(Entries provided begins)
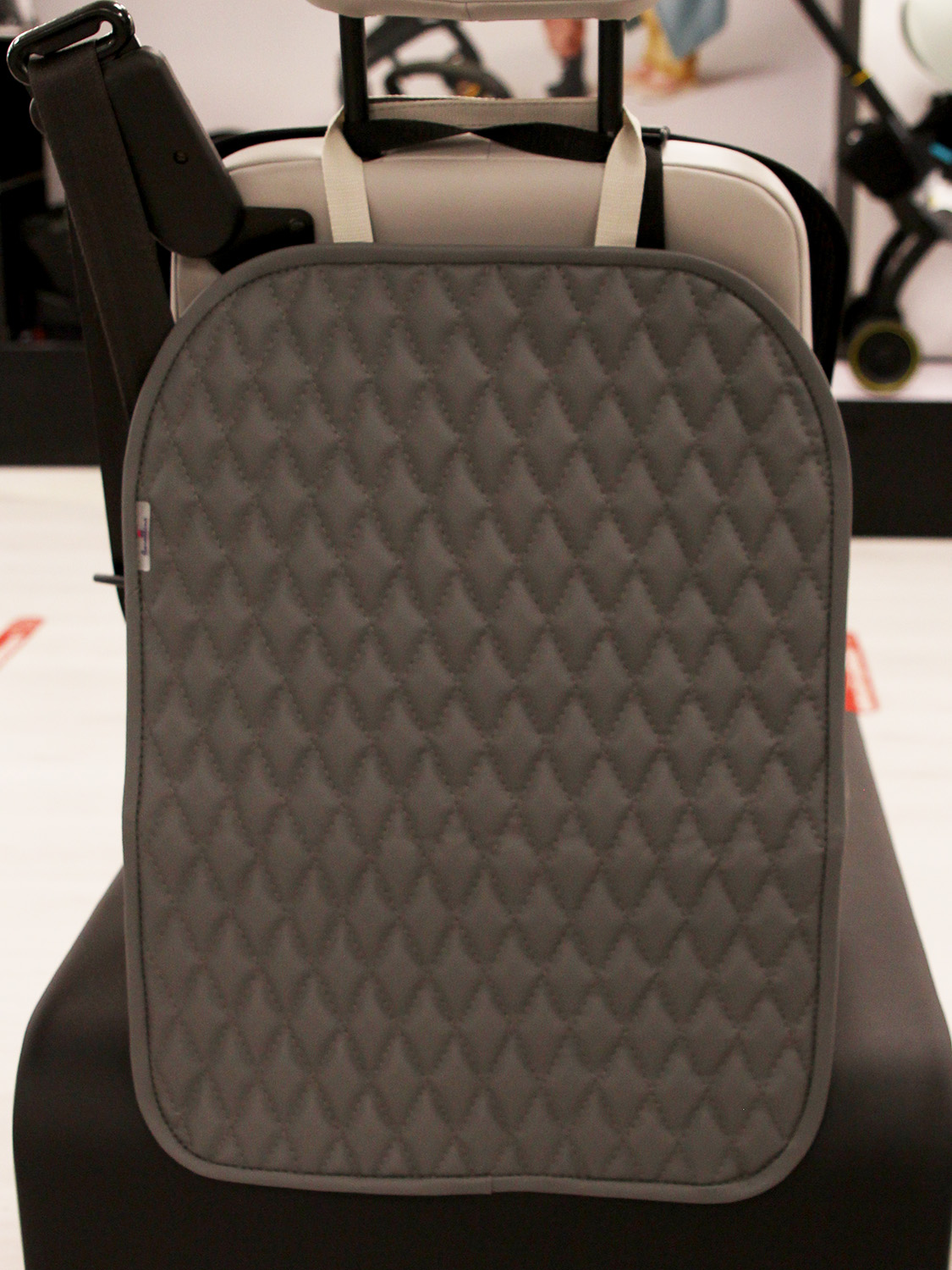 Защита спинки переднего сидения автомобиля Fiorellino FrontSeat Stitch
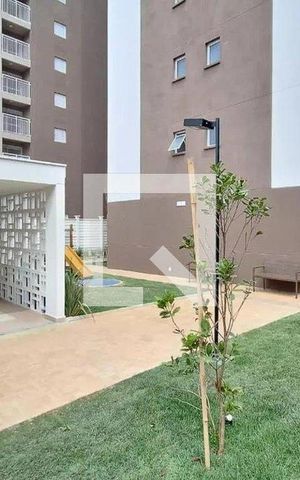Apartamento à venda com 33m², 2 quartos e sem vaga Apartamento à venda com 33m², 2 quartos e sem vagaÁrea comum - Churrasqueira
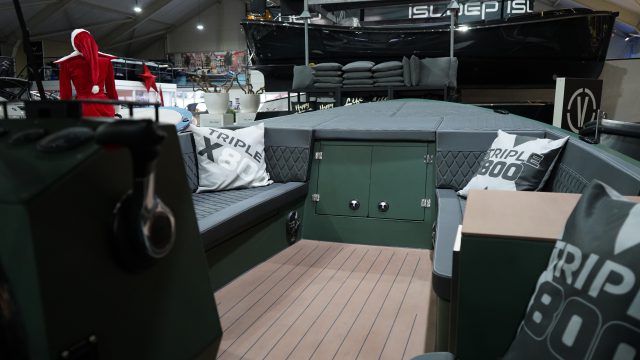 Triple X800 vaarklaar & ZONDAG GEOPEND
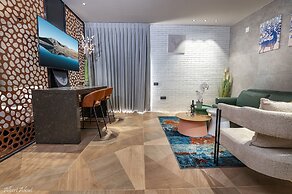 Naomi Boutique Suites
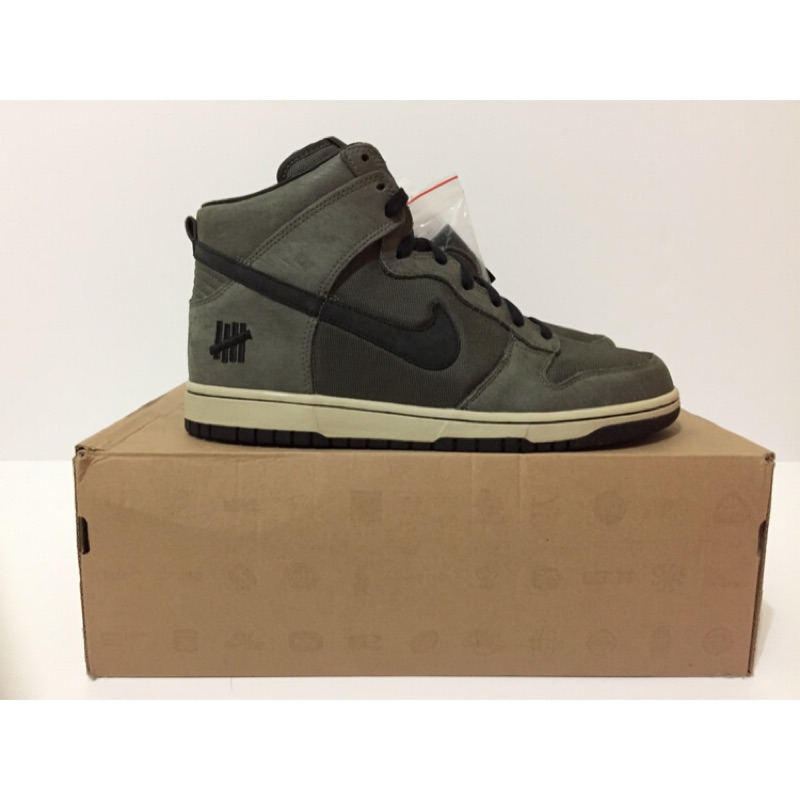 nike dunk x undefeated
(Entries provided ends)
About this task → Would you transcribe the listing above line by line, exactly, leaving every picture out?

Finished task →
 Защита спинки переднего сидения автомобиля Fiorellino FrontSeat Stitch
Apartamento à venda com 33m², 2 quartos e sem vaga Apartamento à venda com 33m², 2 quartos e sem vagaÁrea comum - Churrasqueira
 Triple X800 vaarklaar & ZONDAG GEOPEND
 Naomi Boutique Suites
 nike dunk x undefeated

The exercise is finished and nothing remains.